With transgender teams now being set up all over the world - from Germany, to India, this is something football needs clear guidelines on.

The German football association (DFB) introduced a policy in the 2023 season across the amateur and youth games whereby transgender and non-binary people could choose whether to play in men's or women's teams.

DFB diversity ambassador Thomas Hitzlsperger said footballing nations, including England, Scotland and Wales, have been in contact to find out more.

Clark says she believes that in the future, more and more trans people will have the confidence to play football, with increasing numbers of LGBT+ teams, and is a massive advocate for trans people being able to play all sport, and that people don't realise the effect that hormone replacement therapy has on people's bodies.

She said: "You lose pretty much all of your muscle, you lose that bone density. It affects your respiratory, your lung intakes and to put it bluntly, you are a lot weaker. You do lose your strength.

"I agree that if you're going to play [sport] competitively there should be certain guidelines. I want fairness in sport. But don't stop us playing sport. That's what some people are trying to do.

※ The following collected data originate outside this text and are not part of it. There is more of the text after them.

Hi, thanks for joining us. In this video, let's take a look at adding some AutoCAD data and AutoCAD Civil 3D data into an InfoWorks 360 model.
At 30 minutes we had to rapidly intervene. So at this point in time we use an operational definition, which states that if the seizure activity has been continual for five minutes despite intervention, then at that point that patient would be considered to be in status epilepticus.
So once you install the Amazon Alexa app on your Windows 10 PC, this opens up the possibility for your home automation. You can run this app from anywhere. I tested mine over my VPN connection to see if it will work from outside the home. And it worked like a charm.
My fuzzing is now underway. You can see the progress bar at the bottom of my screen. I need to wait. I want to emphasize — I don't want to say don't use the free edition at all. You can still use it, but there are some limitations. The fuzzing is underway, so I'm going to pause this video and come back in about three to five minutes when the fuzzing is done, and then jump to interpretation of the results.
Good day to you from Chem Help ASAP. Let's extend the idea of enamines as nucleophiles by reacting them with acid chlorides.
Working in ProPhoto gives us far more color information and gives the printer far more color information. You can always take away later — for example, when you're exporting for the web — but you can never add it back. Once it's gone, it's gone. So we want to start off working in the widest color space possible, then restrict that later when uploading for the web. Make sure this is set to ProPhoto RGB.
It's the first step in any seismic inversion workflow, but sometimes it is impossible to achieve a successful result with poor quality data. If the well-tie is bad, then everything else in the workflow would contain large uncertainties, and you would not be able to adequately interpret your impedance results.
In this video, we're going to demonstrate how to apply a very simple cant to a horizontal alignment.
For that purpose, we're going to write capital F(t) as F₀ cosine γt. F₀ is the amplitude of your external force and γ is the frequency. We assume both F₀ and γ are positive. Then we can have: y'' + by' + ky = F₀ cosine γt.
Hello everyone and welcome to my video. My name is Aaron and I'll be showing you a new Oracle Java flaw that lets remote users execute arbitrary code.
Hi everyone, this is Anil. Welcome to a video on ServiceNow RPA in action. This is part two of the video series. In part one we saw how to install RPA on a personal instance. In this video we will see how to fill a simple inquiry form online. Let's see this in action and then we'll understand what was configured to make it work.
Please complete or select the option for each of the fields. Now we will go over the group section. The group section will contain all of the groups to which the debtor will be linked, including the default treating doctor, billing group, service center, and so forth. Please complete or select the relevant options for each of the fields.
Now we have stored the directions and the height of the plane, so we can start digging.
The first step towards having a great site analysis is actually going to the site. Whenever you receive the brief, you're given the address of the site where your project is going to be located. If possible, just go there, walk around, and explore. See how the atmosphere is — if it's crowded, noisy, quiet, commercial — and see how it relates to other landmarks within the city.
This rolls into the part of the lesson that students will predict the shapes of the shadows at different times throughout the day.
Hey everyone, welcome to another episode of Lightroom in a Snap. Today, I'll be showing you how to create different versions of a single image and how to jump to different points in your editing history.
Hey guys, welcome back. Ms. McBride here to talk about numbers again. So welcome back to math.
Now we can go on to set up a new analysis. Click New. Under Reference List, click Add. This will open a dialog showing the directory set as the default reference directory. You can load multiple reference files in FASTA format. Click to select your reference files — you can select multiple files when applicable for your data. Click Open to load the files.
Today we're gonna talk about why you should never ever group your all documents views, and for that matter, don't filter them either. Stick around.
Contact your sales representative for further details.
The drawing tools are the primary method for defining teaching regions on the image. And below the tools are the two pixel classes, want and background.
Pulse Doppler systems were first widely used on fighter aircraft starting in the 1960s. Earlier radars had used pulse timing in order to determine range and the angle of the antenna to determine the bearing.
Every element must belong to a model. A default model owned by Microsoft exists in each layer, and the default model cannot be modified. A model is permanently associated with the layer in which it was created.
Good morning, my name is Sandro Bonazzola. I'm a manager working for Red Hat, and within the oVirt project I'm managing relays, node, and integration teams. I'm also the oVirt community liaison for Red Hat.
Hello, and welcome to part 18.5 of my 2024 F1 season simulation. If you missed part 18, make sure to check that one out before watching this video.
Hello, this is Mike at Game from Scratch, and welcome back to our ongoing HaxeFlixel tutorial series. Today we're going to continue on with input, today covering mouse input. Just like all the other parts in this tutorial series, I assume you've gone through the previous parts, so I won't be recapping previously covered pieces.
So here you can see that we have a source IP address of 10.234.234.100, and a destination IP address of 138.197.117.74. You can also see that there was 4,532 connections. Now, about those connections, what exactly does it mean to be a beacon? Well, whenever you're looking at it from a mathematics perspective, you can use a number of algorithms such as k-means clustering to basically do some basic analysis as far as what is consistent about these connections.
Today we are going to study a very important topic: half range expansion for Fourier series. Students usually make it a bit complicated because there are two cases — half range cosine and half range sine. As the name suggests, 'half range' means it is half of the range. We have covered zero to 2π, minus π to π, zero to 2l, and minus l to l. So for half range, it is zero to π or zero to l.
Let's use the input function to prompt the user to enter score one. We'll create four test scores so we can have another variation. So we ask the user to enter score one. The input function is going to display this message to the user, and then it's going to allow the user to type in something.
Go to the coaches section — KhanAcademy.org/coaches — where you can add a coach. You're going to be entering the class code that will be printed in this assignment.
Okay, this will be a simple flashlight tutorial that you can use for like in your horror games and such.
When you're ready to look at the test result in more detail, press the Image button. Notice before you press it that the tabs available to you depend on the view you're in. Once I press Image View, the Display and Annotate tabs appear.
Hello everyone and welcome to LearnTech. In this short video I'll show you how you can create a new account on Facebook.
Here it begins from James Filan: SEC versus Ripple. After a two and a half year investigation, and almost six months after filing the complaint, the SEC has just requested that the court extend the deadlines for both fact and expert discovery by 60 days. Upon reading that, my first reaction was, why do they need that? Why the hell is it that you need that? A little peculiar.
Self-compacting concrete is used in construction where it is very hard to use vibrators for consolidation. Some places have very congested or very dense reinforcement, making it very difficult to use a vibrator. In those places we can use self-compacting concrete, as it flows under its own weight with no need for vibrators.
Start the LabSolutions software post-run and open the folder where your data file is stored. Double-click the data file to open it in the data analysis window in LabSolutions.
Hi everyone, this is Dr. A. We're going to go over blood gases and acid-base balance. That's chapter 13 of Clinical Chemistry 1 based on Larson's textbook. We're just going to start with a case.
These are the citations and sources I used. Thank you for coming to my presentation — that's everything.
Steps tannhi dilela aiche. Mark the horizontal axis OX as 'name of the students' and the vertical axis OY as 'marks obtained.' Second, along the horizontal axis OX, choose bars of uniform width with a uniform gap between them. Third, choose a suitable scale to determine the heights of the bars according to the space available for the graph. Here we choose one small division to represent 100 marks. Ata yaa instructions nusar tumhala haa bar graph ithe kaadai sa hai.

"Just let us play. We've been allowed to compete in the Olympics for years and nobody's gone and won loads of gold medals. Why should we be denied playing sports just because they're transgender?"

New Zealand weightlifter Laurel Hubbard is the first openly transgender athlete to compete at the Olympics in a different gender category to which they were born; she was eliminated from the women's +87 kg competition after registering three no lifts in the snatch.

Clark says because people are transitioning at a younger age, they're not going through puberty and that should be taken into account in future conversations about allowing trans footballers to play at the elite level.

She added: "If somebody is good enough to play on that level, then why shouldn't they be able to? My hope is that we can get that one star who can be a role model that trans people can aspire to be like.

"If people are transitioning, they can still go and play football. We've had players as old as 60 say they never thought they'd play football again because they didn't think they'd be accepted and now they're playing for TRUK," she said.

Natalie Washington, a player for TRUK United, says the club is a great escape for trans people when the world "feels like a hostile place."

"I think it's really important that we have that. It really is like a release from the pressures of the day to day world."

"Trans people really want to be involved in football and we're not going to go away. There's enough of us playing and involved in the game that it's gonna be hard to ignore us, and football is going to have to change to accommodate us."